Ada pengecualian untuk aturan ini; atmosfer bola memberi tahu Bernard bahwa ini adalah keadaan yang luar biasa. Ketika sebuah rumah terjebak dalam skandal, adalah permainan yang adil untuk secara terbuka menghina mereka. Bahkan jika komentarnya drastis, hal terburuk yang bisa terjadi adalah tamparan di pergelangan tangan. Ada aturan tak tertulis di mana bangsawan yang memalukan kehilangan hak istimewa mereka untuk dihormati. Dan begitu nama bangsawan tercoreng, mereka tidak berdaya. Mereka akan selamat dari skandal secara fisik, tetapi harga diri mereka yang mulia tidak. Dia merasakan warna memudar dari wajahnya, tahu dia tidak akan pernah berhasil di masyarakat kelas atas.

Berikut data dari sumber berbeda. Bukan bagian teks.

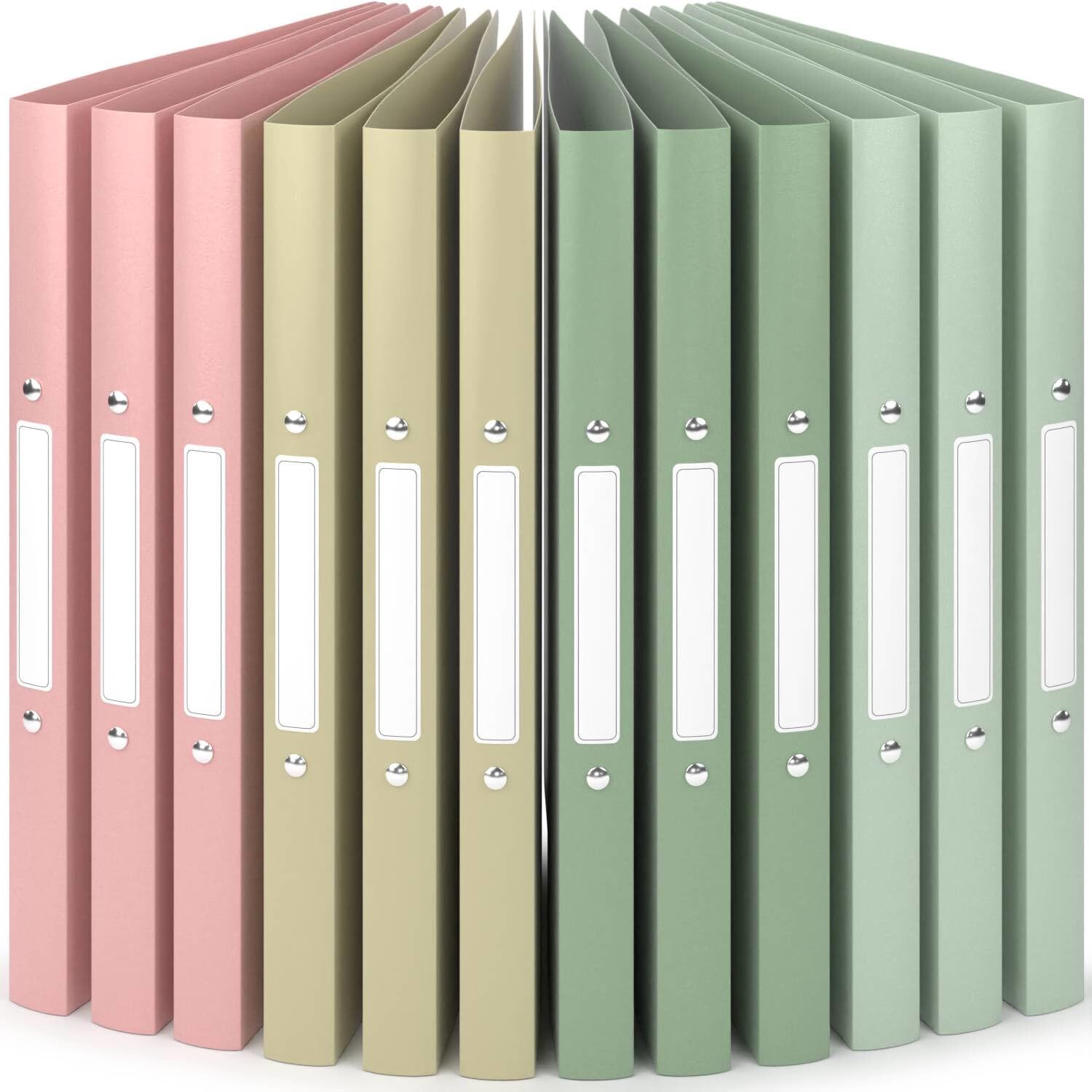 ACROPAQ - 12 x Ring Binder A4 - Flexible A4 Folder Files for 100 Pages, Binders with 2 Rings, Spine Width 2.5 cm, Earth ‘Nature' Color Collection - Slim Binder, School Folder, Plastic Folder — image 1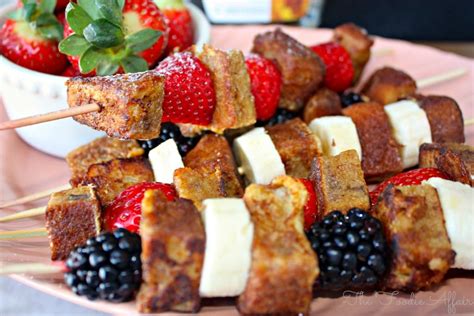 Dip sliced bread into egg mixture (challah, french bread, or raisin bread all work just as well as plain white bread). French Toast Fruit Kabobs made with Leftover Banana Bread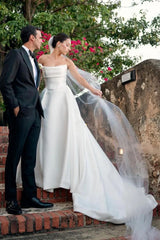 White Strapless Satin A Line Wedding Dresses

Bernard tidak dapat memungkiri bahwa dia dan rekan senegaranya diperlakukan sebagai mayat hidup masyarakat kelas atas. Para bangsawan lain memandang mereka secara berbeda. Duke Jamil telah mengatur semuanya. Tanpa disadari, mereka telah terperangkap dalam sangkar yang tenggelam.
Tangan Bernard mulai gemetar ketika raja berbicara dan kegembiraan mengalir melalui bola. Count tidak mendengar raja berbicara, tetapi dengan cepat menangkap ketika kerumunan bergema: “Raja memberikan stempel persetujuannya untuk mutiara yang diberikan kepadanya oleh Duke Jamil.” Ini selanjutnya akan meningkatkan nilai mutiara apa pun yang ditangani oleh sang duke, dan dengan itu pengaruhnya di negara itu.
Count Bernard berdiri tanpa harapan. Dia siap untuk meninggalkan semua kepura-puraan dan melakukan semua yang diperlukan untuk melindungi sepotong reputasi yang bisa dia dapatkan. Satu-satunya taktik yang terlintas dalam pikiran adalah merendahkan diri di kaki setiap bangsawan dan memohon pengampunan mereka. Alasan menyedihkan melintas di benaknya. Akhirnya, Count dengan linglung melihat ke atas dari tanah, dan kebetulan bertemu dengan mata sang duke.
Reinhart tersenyum padanya. Tidak ada kata-kata yang tertukar, tetapi Bernard mengerti betul bahwa sang duke telah terlebih dahulu menganiaya dia karena dia sudah dikawinkan.
Sepanjang bola, Count Bernard dapat ditemukan berdiri diam dan tenang seperti patung. Dia tidak berbicara dengan siapa pun, dan tidak ada yang berbicara dengannya.
Belakangan, skandal penghitungan dan rekan senegaranya secara resmi terungkap, secara singkat menghibur masyarakat kelas atas dengan pembicaraan tentang pencabutan, tetapi hanya itu. Segera, tidak satu pun dari mereka yang pernah membicarakan topik pembicaraan di antara para bangsawan.